Congestive Heart Failure or CHF is a collective term used to refer the heart’s inability to pump out blood in the body. There are various causes for such a scenario. The two leading causes for this are Mitral Valve Insufficiency or MVI and Dilated Cardiomyopathy or DCM. The clinical signs of any issues related to the heart will depend on the fact that which side of the heart the dog is having a problem.
Something called, Right Sided Congestive Failure or RS-CHF sometimes makes a poor venous return to the heart. When the heart contracts, instead of the right ventricle driving the blood through the lungs for oxygenation, some crack in the tricuspid valve forces the blood to come back into the right atrium. This bloodstream helps in the systematic circulation and eventually shapes into congestion. Then the fluid gets accommodated in the abdomen and takes part in the functions of the organs of these areas. In some occasion, the abdomen can get filled with the fluid and results in a condition called as the Ascites. The fluid may also leak from places in the limbs, causing Peripheral Adema.
The Left-Sided Congestive Heart Failure or LS-CHF, in some cases, can have Mitral Valve leaks, in the left atrium, and then up to the lungs. The lung tissue than soaks the excess fluid in them, resulting in a condition called as the Pulmonary Edema. This condition results in difficulty in breathing and occasional episodes of coughing. The left-sided congestive heart failure is one of the most common types of CHF.
The leading cause of CHF is Valvular Insufficiency. According to records, about eighty percent of canine CHF cases are the results of MVI. But there are other causes also. These are Cardiomyopathy, Irregularities in rhythmic actions, and shrinking of the blood vessels can also cause CHF. In its primitive stage, MVI will result in LS-CHF, and if not given proper treatments can result in severe heart failure for the heart.
1.The most prevalent sign is constant coughing and difficulty breathing.
3.A reduction in stamina.
4.Not showing interest in playing and walking.
5.Excessive panting and loss of the appetite.
6.A swollen belly with pale looking gums.
7.Sudden weight loss and muscle wasting.
Heart attacks are sporadic in canines, but a sudden death as a severe consequence of the CHF is possible in dogs.
1.Auscultation with a stethoscope is the foremost option to diagnose this condition. Causes like the heart murmurs are detected through this process. The vet may palpate the area to see the rhythm and strength of the heart. Then finally, the vet will assess the lungs.
2.Chest Xrays are the second option to evaluate the size and shape of the heart and see if there is a change in the lungs.
3.Urine and blood tests are the third options to examine and rule out the presence of any other condition in the heart.
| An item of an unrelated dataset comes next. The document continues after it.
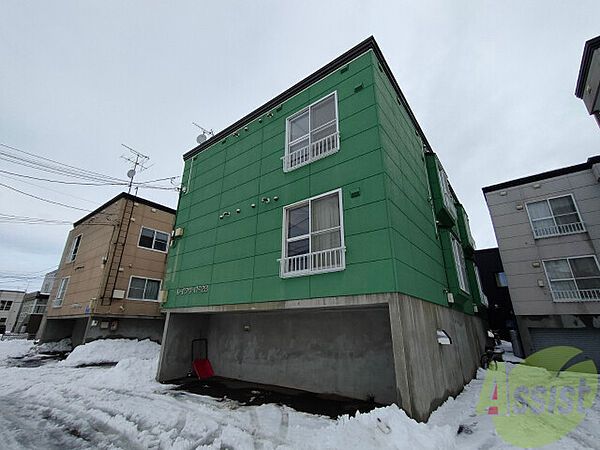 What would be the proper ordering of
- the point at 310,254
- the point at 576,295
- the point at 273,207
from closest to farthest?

Different kidney and lung functions in many a times accompany CHF.
4.A test called the Electrocardiogram will measure the electrical activities of the heart and provides with information of the rhythm of the heart.
The treatment will depend on the causes of CHF. The vet may suggest something from the followings:
1.Medications to compel the heart to work again normally and correct irregular heartbeats.
2.The medicines will slow the pace of fluid building up in the lungs.
3.Surgical intervention is also an option to insert a pacemaker in the heart.
4.A commercial low salt diet to control the fluids.
5.Limited exercises to protect its heart.